Le point central est le suivant : alors qu'environ 12 à 21 % des adultes américains ont déjà été exposés à des cryptomonnaies, seulement 6,5 % d'entre eux ont effectivement déclaré ces transactions à l'IRS. C'est une différence flagrante. Tyler Menzer, l'un des principaux auteurs, a expliqué que ce groupe de détenteurs de cryptos est très différent de l'investisseur en actions traditionnel. Ils sont généralement plus jeunes, ont des revenus plus faibles et adoptent des comportements complètement différents en matière de conformité fiscale.

Ce que la flash étude a révélé, c'est que beaucoup de ces investisseurs ne communiquent tout simplement pas leurs actifs numériques aux autorités. Et lorsqu'ils font des déclarations, elles diffèrent considérablement de celles des investisseurs conventionnels. Menzer a mentionné que les détenteurs de cryptos ont une probabilité plus élevée de posséder des actions de sociétés populaires sur les réseaux sociaux, ce qui suggère un profil d'investisseur plus jeune et peut-être moins sophistiqué en matière fiscale.

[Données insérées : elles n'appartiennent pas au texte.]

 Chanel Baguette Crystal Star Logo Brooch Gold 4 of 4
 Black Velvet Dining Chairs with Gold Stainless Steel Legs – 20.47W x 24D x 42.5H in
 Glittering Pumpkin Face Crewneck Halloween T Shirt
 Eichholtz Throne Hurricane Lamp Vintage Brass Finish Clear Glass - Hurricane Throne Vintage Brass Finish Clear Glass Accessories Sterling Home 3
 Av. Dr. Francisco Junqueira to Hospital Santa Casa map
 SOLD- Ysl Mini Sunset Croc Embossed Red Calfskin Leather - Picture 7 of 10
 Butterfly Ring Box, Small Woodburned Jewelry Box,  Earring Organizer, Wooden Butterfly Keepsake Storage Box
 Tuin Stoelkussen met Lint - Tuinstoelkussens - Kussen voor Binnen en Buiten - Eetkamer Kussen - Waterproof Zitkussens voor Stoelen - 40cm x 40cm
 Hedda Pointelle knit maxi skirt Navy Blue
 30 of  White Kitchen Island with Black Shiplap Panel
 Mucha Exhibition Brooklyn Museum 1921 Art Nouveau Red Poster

Les données de CoinTracker montrent quelque chose de pertinent : en 2025, les investisseurs avec des positions détenues depuis moins d'un an ont subi une perte moyenne de 636 dollars, tandis que ceux qui ont conservé leurs actifs pendant plus d'un an ont réalisé en moyenne un bénéfice de 2 692 dollars. Mais voici le problème : beaucoup de traders en cryptos ne prennent pas en compte l’impact fiscal lors de la vente. Cela contraste avec les investisseurs traditionnels, qui choisissent souvent le bon moment pour vendre afin de profiter de taux d'imposition plus faibles.

Le scénario est en train de changer, cependant. L'IRS a renforcé considérablement les exigences de déclaration à partir de 2026, alignant les règles concernant les cryptomonnaies avec celles des actions. Des plateformes américaines comme Coinbase sont désormais obligées d’émettre des formulaires de transaction, et les contribuables doivent déclarer avec précision s'ils possèdent ou non des cryptomonnaies, qu'ils aient reçu le nouveau formulaire 1099-DA ou non. Les ventes à perte et autres manquements à la conformité sont également surveillés de près.

La question maintenant est de savoir si cette idéologie anti-impôt, qui a toujours imprégné l’espace crypto depuis le début, pourra survivre à ces nouvelles exigences réglementaires. Avec la date limite de déclaration qui approche, il devient évident que les jours d’opacité fiscale sont comptés.